Compatibility with Apache Spark
Supported Algorithms
The following table shows the currently supported algorithms. The goal is to expand this over time with support from the underlying RAPIDS cuML libraries. If you would like support for a specific algorithm, please file a git issue to help us prioritize.

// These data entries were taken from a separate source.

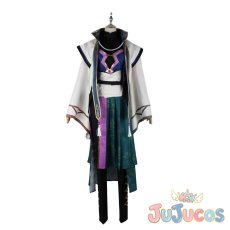 画像1: 神代類　古装参謀衣装　コスプレ衣装　プロジェクトセカイ カラフルステージ！ feat. 初音ミク　コスチューム　JUJUcosplay (1)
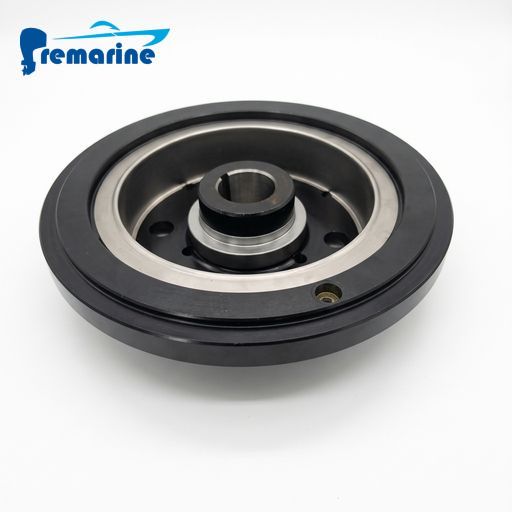 66T-85550-00 Yamaha Outboard PART OEM, Outboard Flywheel 2 Stroke 40HP, OBM Supplier PREMARINE for sale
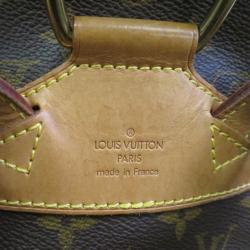 Pre Owned Louis Vuitton Monogram Montsouris MM Backpack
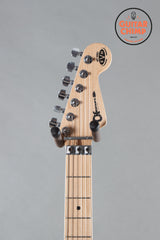 2005 Charvel EVH Art Series Eddie Van Halen Black and Yellow Stripes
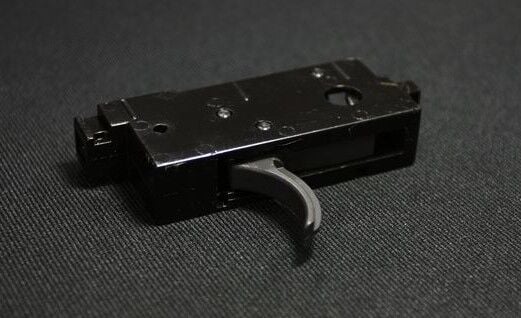 RA steel complete trigger box(for we M4 GBB) SKU RAG-WE-025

Supported Algorithms | Python | Scala |
---|---|---|
CrossValidator | √ | |
DBSCAN (*) | √ | |
KMeans | √ | |
approx/exact k-NN (*) | √ | |
LinearRegression | √ | |
LogisticRegression | √ | |
PCA | √ | √ |
RandomForestClassifier | √ | |
RandomForestRegressor | √ | |
UMAP (*) | √ |
Note: Spark does not provide a k-Nearest Neighbors (k-NN) implementation, but it does have an LSH-based Approximate Nearest Neighbor implementation. As an alternative to PCA, we also provide a Spark API for GPU accelerated Uniform Manifold Approximation and Projection (UMAP), a non-linear dimensionality reduction algorithm in the RAPIDS cuML library. As an alternative to KMeans, we also provide a Spark API for GPU accelerated Density-Based Spatial Clustering of Applications with Noise (DBSCAN), a density based clustering algorithm in the RAPIDS cuML library.
Supported Versions
Spark Rapids ML | CUDA | Spark | Python |
---|---|---|---|
1.0.0 | 11.4+ | 3.3+ | 3.10+ |
Single vs Double precision inputs
The underlying cuML implementations all accept single precision (e.g. Float or float32) input types and offer the best performance in this case. As a result, by default, Spark RAPIDs ML converts Spark DataFrames supplied to fit
and transform
methods having double precision data types (i.e. VectorUDT
, ArrayType(DoubleType())
, DoubleType()
columns) to single precision before passing them down to the cuML layer. Most of the cuML algorithm implementations also support double precision inputs. The Estimator (for all algorithms) constructor parameter float32_inputs
can be used to control this behavior. The default value is True
which forces the conversion to single precision for all algorithms, but it can be set to False
in which case double precision input data is passed to those cuML algorithms which support it.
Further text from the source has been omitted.